As a part of his general introduction to non-neurological psychology, Jerome Feldman cites a 1979 study that indirectly sheds some new light on Tim Rohrer's fMRI findings.

Ambiguity and Primed Priming
In the 1979 priming experiment by Tanenhaus et al., subjects were asked to decide whether a given string (e.g., season) was an English word. They did this in one of two conditions.

In one condition, the subjects were primed with a completely unrelated sentence, e.g., she was afraid to talk. In the other condition, they were also primed with an unrelated sentence; but in this case, the sentence contained an ambiguous word, e.g., she was afraid to fall.

These sentences were constructed so that there was only one possible way to read the ambiguous word. For instance, in the example above, the word fall can only be read as the verb, not the noun. Any activation in the concept of falling would be a secondary effect and would not contribute to the understanding of the sentence.

However, the researchers consistently found that the indirectly related primes would nudge the subjects into faster and more accurate decisions, just as if they were responding to unproblematically related words (e.g., cat--kitten).

It thus seems that the seasonal meaning of fall is, to some extent, activated by the sentence she was afraid to fall. This is not plausibly explained as a metaphorical process, especially since a number of the ambiguous words were clearly not related, e.g. I put it in the box as a prime for fight.

Relation or Disambiguation?
Now look again at Rohrer's findings: He had his subjects read sentences that contained metaphorical uses of words such as grasp or fist, and he found that such words, on average, lead to increase in activity in same the brain regions that are associated with the actual hands and arms.

He took this as a confirmation of the conceptual mapping hypothesis. Since hand metaphors activate the hand concept, literal meaning must be involved in metaphorical understanding. His findings are indeed consistent with this hypothesis.

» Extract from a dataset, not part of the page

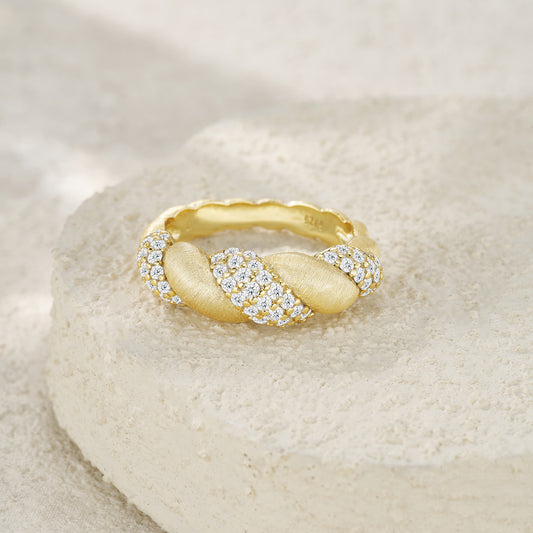 Moissanite Pave Twisted Croissant Dome Ring in Gold-Plated 925 Silver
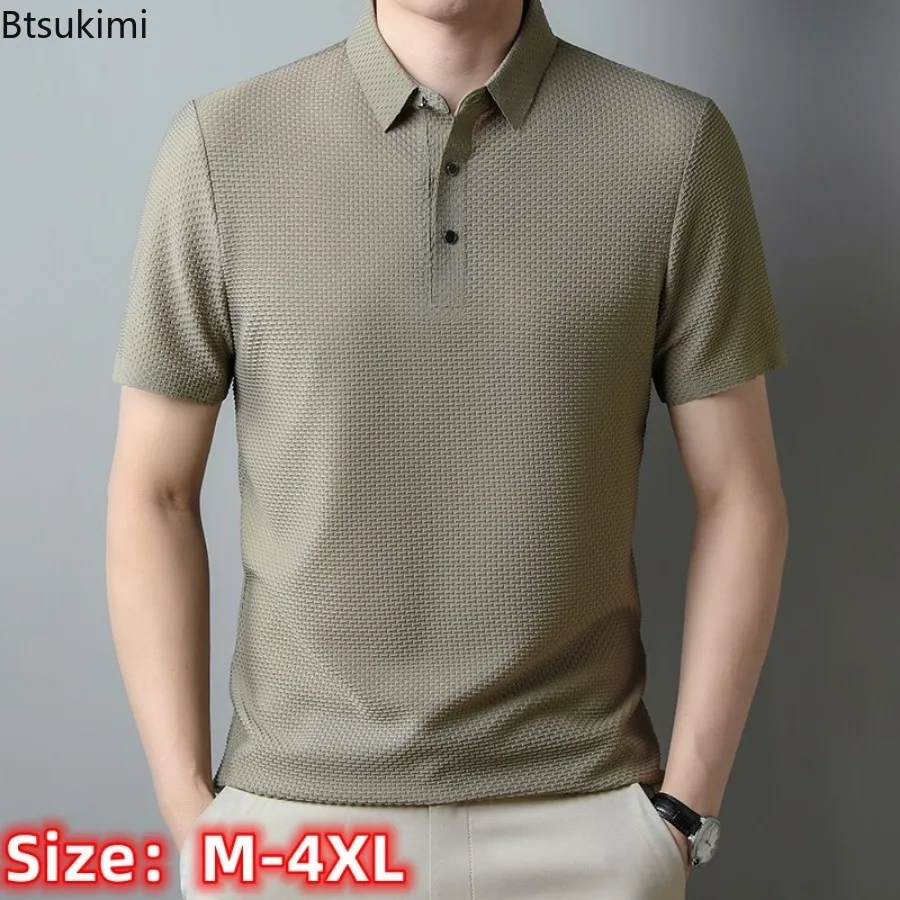 High Quality Men's Jacquard Ice Silk Short-sleeved Polo Shirts Summer Breathable Business Casual Tops Solid Simple T-shirts Male
High Quality Men's Jacquard Ice Silk Short-sleeved Polo Shirts Summer Breathable Business Casual Tops Solid Simple T-shirts Male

However, as the experiment by Tanenhaus et al. shows, the brain activity could just as well be a byproduct of a disambiguation process. We can take grasp the theory and grasp the cup to apply two distinct meanings of the word grasp. Both meanings would then presumably be activated during reading, just like the verb and noun meanings of box are both activated during the reading of I put it in the box.

Rohrer's results are then equally also consistent with another theory that does not assume a productive and active link between the two meanings of grasp. Instead, it assumes a link from the sound grasp to two meanings, but only one is picked on the basis of the context.